Hi! Gave my GMAT today and scored 750 (Q50, V42). I thought this would be the most logical place for me to post experience of my GMAT journey. The reason being that a major part of my GMAT preparation journey has been about Verbal and in Verbal, more specifically about Sentence Correction; this journey could not have reached culmination without SC Nirvana.
It's been more than a year since I started flirting with the idea of appearing in GMAT. I am an Indian male and have twice appeared in CAT, scoring more than 95 percentile in Quant both times. English had always been a weaker area, and so, even before I started my preparation for GMAT, I knew that Verbal would be a challenge.
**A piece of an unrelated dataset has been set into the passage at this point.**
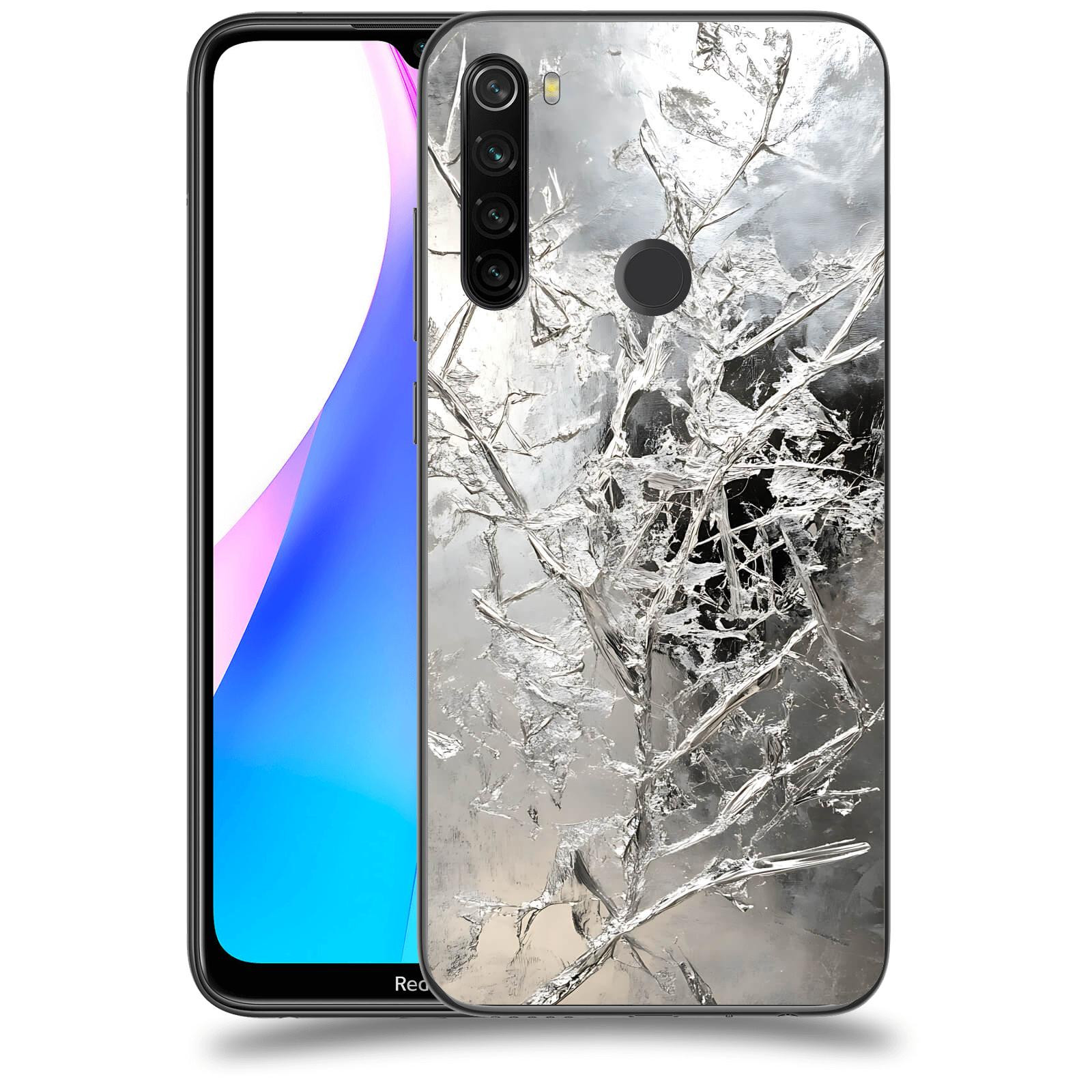 ACOVER Kryt na mobil Xiaomi Redmi Note 8T - Frosty II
However, I understood the "magnituide" of that challenge only after I got 7 questions in Sentence Correction correct, out of 30 odd questions that I first attempted from
OG. Critical reasoning and reading comprehension were much better (though I did not attempt those under time constraint).
After that, it was pretty much all about Sentence Correction. As a non-native English speaker, I knew I had to work on fundamentals "grounds-up" and was ready to put in the effort. So, my initial few weeks went into looking out for grammar books, only ending in realization that I would never be able to complete the sheer content in those books. I also read an expert comment that reading a grammar book end to end was not the best strategy for GMAT, because GMAT SCs require understanding of only a "subset" of the grammar rules.
So, my strategy changed and I thought that perhaps directly accessing the available GMAT Sentence Correction sources, would work best. This also turned out to be frustrating after few months, because the available material either "assumed" that we were already aware of English fundamentals, or was just too basic to address Sentence Correction thoroughly.
Incidentally, my roommate had joined coaching at EducationAisle then, and through him, I got to know about "Sentence Correction Nirvana". Within few days of my initial read of first few pages of this book, my interest in the book picked up. What initially interested me was the treatment given by the book to the grammar fundamentals: crisp and concise. All the "buzzwords" used by most experts on the GC/BTG forum, such as phrases, clauses, Independent, dependent, run on, relative clauses etc. were wonderfully explained.
Thereafter, the book utilized those grammar fundamentals, to build concepts in each specific topic. What also helped was the numerous pictures; reading the book almost felt as if someone was "teaching"! The deconstruction method of parallelism, the "doer of the verb" methodology in subject verb and the "logical/grammatical bifurcation" in modifiers were so effective. Not that it was a cakewalk ultimately. I had to read the entire book twice; but the thing is that after seeing a marked improvement in my SC skills after reading the book once, I didn't have to "push" myself to read it the second time:). In fact, I read the comparisons and ellipsis chapter thrice, but thereafter, I just mechanically applied their "comparison operator decision tree" and never ever got any comparison and ellipsis question wrong!
Over the last few days, when I was giving mocks, I was consistently scoring 40+ on verbal and am relieved that my performance did not dip in the exam. It's almost a surreal feeling today, as I write this, because after my initial "experience" with sentence correction (7 out of 30 correct!) and my early frustration with the available material, I had almost given up.
Apart from this, I scored a 6 in IR and (obviously) have not received AWA score, though I am quite sure I will score decently, since my CR skills are quite ok.